As in Ontario, the relevant BC and Québec labour legislation provides labour arbitrators with exclusive and broad remedial jurisdiction to interpret and apply the terms of a collective agreement under a mandatory grievance and arbitration process, which is binding on the employer, the union and employees. Accordingly, the CFL and the teams brought an application to have the claim removed from the courts and struck out on the basis that the courts did not have jurisdiction to hear the case. They argued that the alleged claims were governed by the terms of his Standard Player Contract (SPC) and the applicable collective agreement, and therefore, pursuant to established Supreme Court of Canada case law, they were within the exclusive jurisdiction of a labour arbitrator – not the courts.
In response, Mr. Bruce argued that the statutory regimes that typically grant labour arbitrators exclusive jurisdiction over such disputes were inapplicable to the CFL due to the unique nature of the collective bargaining relationship, among other things.
The Court rejected this argument and accepted the position of the CFL, the teams and the other defendants. It concluded that Mr. Bruce’s claims arose under the collective agreement, and therefore, must resolved through the grievance and arbitration process. The Court struck out his claim in its entirety.
In reaching its decision, the Court concluded that the dispute related to matters of health and safety, and specifically, whether the CFL or the teams that Mr. Bruce had played for had taken steps to ensure his health and safety in carrying out the duties they allegedly owed to him. More particularly, the Court determined that the substance of Mr. Bruce’s claim fell within the scope of the provisions of the collective agreement addressing player safety and player equipment. It further found that the language of the arbitration provisions required disputes between a player and his team and/or the CFL, like that involving Mr. Bruce, to be finally and conclusively settled through the grievance and arbitration process, even if not all of the parties are bound by the collective agreement.

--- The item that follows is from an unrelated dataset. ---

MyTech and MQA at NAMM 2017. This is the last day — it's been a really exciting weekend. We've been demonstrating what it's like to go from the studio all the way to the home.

The Court expressly rejected Mr. Bruce’s argument that the wording in the relevant provisions – i.e. that a dispute “may be submitted to arbitration” and that a grievance “may be initiated” – made the grievance and arbitration procedure optional or non-exclusive. Nor was the Court persuaded that a player’s ability to negotiate his personal compensation or certain other items in the SPC gave it jurisdiction over the case. Instead it found that the authority to negotiate these issues had been delegated by the CFL and CFLPA and had to be performed within the terms of the collective agreement.
The Court further concluded that Mr. Bruce could have obtained a meaningful remedy for any injuries that he may have suffered under the collective agreement, and that he could have filed a grievance at the time he commenced his civil claims in the courts. In fact, the Court noted that Mr. Bruce was “still arguably eligible” to file a grievance (if an arbitrator granted an extension to the time limits) despite having failed to initiate a grievance within the one-year time limit under the collective agreement. Importantly, however, the Court determined that even if Mr. Bruce was precluded from filing a grievance due to his delay, it would not alter the result in this case because he could have obtained an effective remedy through the grievance and arbitration process.

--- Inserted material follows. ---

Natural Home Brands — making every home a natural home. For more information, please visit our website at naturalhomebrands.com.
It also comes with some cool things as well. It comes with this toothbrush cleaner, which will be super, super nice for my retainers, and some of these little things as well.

Significantly, the Court declined to consider the allegations relating to the conduct of the CFL, the teams and other defendants in their research and representations with respect to concussions and head injuries, which was a central part of Mr. Bruce’s case, finding that such an inquiry went to the merits of the dispute and was unnecessary to determine whether it had jurisdiction.
As a result, the Court concluded that it is without jurisdiction to hear the claims and ordered Mr. Bruce’s notice of civil claim to be struck out in its entirety.
Counsel for Mr. Bruce has indicated that he intends to appeal the decision.
While the matter arose under BC and Québec legislation, this decision affirms and applies well-established first principles of labour law in Canada in the context of labour relations governing professional sports. The decision further underscores that the exclusive jurisdiction model governs these types of disputes, and the key principle of our labour relations framework that matters arising under a collective agreement are arbitrable, and within the exclusive jurisdiction of a labour arbitrator.
The CFL was represented by Hicks Morley’s Stephen J. Shamie and Sean M. Sells, and Geoffrey J. Litherland.